I’ve worked with Roger Brainard. I’ve found him to be his own. I think that is what an older, wiser artist should be. Not only has he found his way of doing things, he has found time to help a few find theirs. To me, this song epitomizes that and I’ll explain why. But first, listen to the tune, here.
Working with Roger a few years ago now on “Fear,” (from a collaborative album we made that was released in June), I remember short conversations about deep topics. No Frills, meat and potatoes, we are on the clock. Roger doesn’t come off vulnerable or desperate for you to listen, he simply seems to be very busy amusing himself. There was great concern in working with him to provide the listener with a place and atmosphere. Roger’s focus, to me, what I go to him for, is helping the listener escape. I don’t even think he’d let it leave the door unless it worked on him first. That is a work ethic. And “RING of FIRE” is all about it.

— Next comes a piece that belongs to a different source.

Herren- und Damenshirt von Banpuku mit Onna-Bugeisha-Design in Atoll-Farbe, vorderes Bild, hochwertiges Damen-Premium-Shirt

‘Ring of fire” is a special song to me. It was played at my second wedding by friends as almost a warning. I always thought it was a happy tune about loving and merrymaking and frolicking. But Roger took it differently. He paints a vision of uncontrollable desire. It works, and works well. It is as if it has dawned on me, after all these years, that I was mislead. This song isn’t happy, it is brewing with passion and regret. Funny, after my divorce, the song played to celebrate, now takes me back to sleeplessness and anger. Same song. That is the power of Roger, the swamp, and minor chords.

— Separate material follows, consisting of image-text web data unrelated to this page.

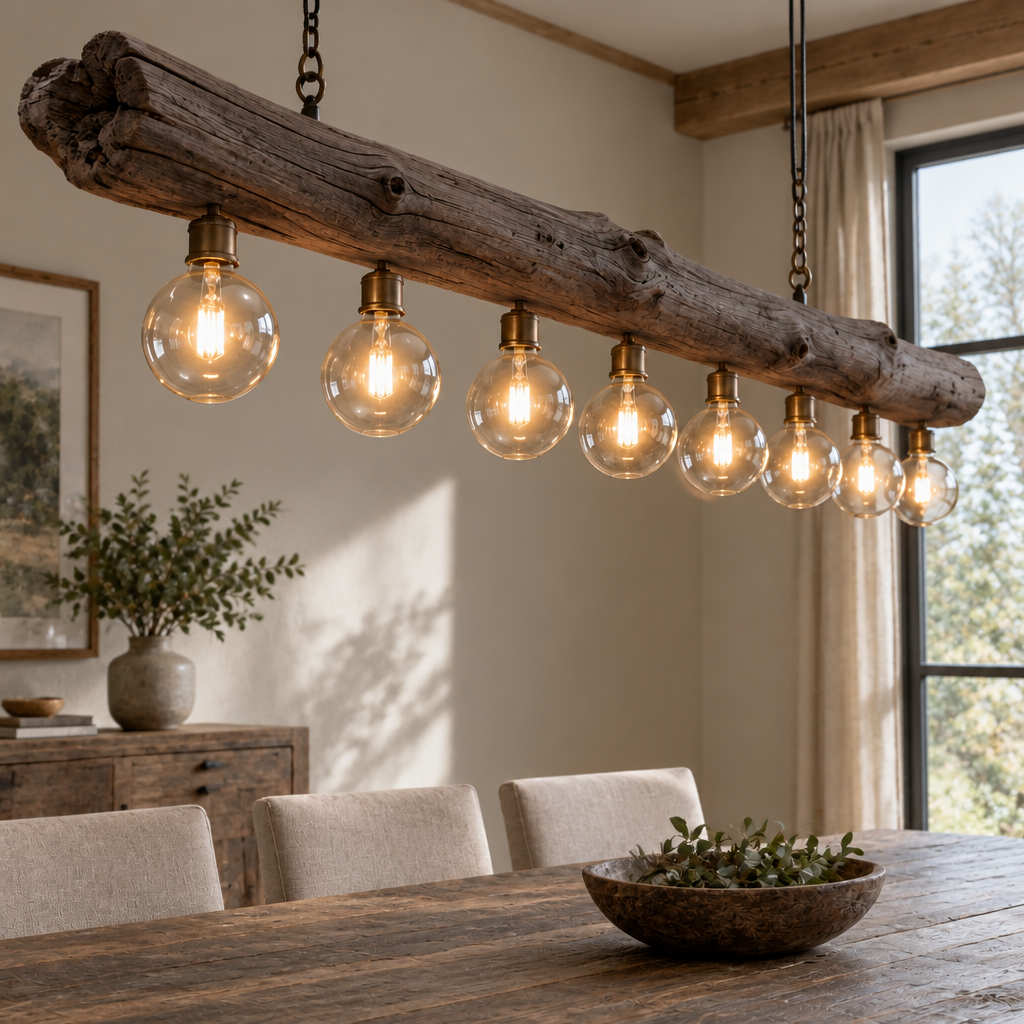 Tidewood Driftwood Beam Chandelier in Smoked Dark finish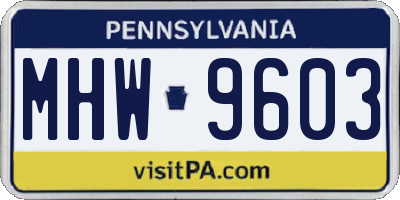 PA license plate MHW9603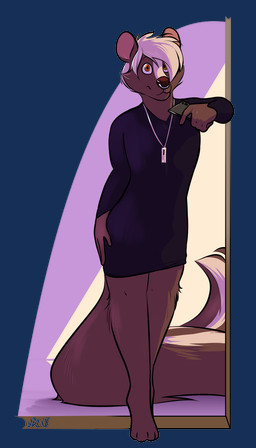 ambiguous_gender anthro big_tail biped clothed clothing dress facial_piercing front_view fur hair looking_at_viewer markings nose_piercing nose_ring piercing ring_piercing smile solo standing striped_markings striped_tail stripes tail tail_markings white_hair conditional_dnp cupsofjade hammock_(cupsofjade) mammal mephitid skunk 4:7 alpha_channel digital_media_(artwork) hi_res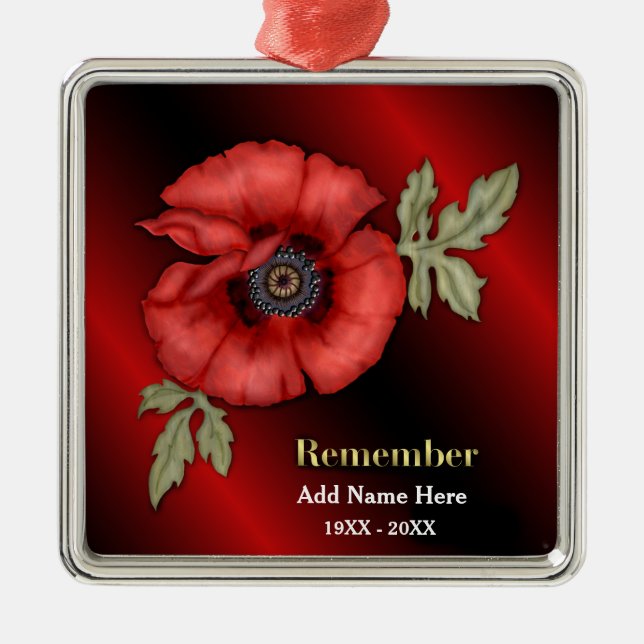 Ornamento De Metal Lembrar Poppy - Personalizar (Frente)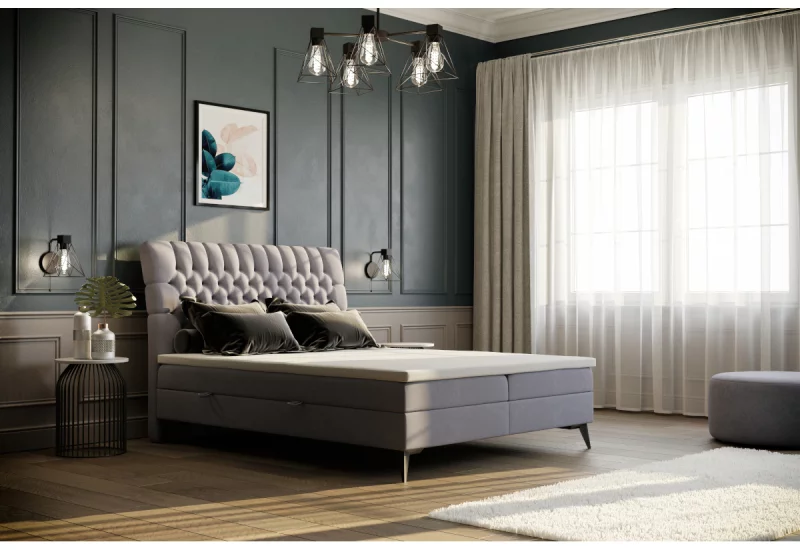 Сиво тапицирано легло в скандинавски стил, допълващо модерен и семпъл интериор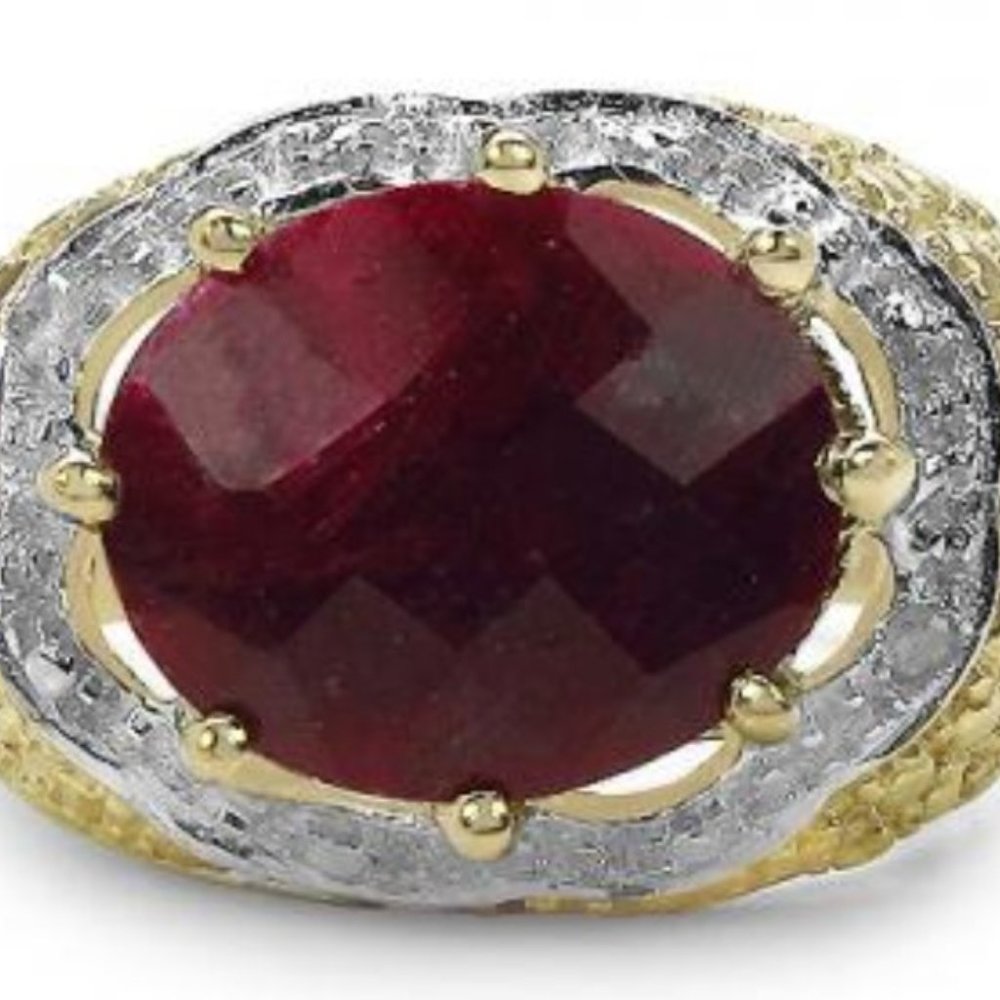 Vintage Diamonds Red Ruby Wms Ring - image 2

Instrument-wise, you’ll find he has a lot of tricks, and production quality is top notch, but it is the atmosphere that keeps me hitting the repeat button. I love this mood. Roger’s gift lies somewhere between a swamp and a dobro and a dark Faulkner scene. It is one of my favorite places to be, from a distance, as there’s always a hint of danger. But thankfully, we get to observe and be immersed in this world Roger creates from the comfort of our own home.
What I meant about teaching other artists from the beginning is that if you listen to him, nothing Roger does here or anywhere is extraordinarily hard, his licks aren’t the most dextrous, his instrumentation isn’t blowing you up. Roger is teaching us how to get by. There’s settling for nothing in his sound, but using just about anything. He shows us vivid tapestries made from tambourines. Wild and dark scenes with a dobro. And he’s grasping painful words with a voice. This is not hard to do, but impossible to replicate. To me it says I don’t need much, I just need to feel it, then time it. The timing and emotion of this song are pure Roger Brainard. But, when it is over, it almost feels like he’s saying, “your turn.” Roger has found his swamp, even in a cover song. And the Shadows are there for it. 5 paw paws out of 5.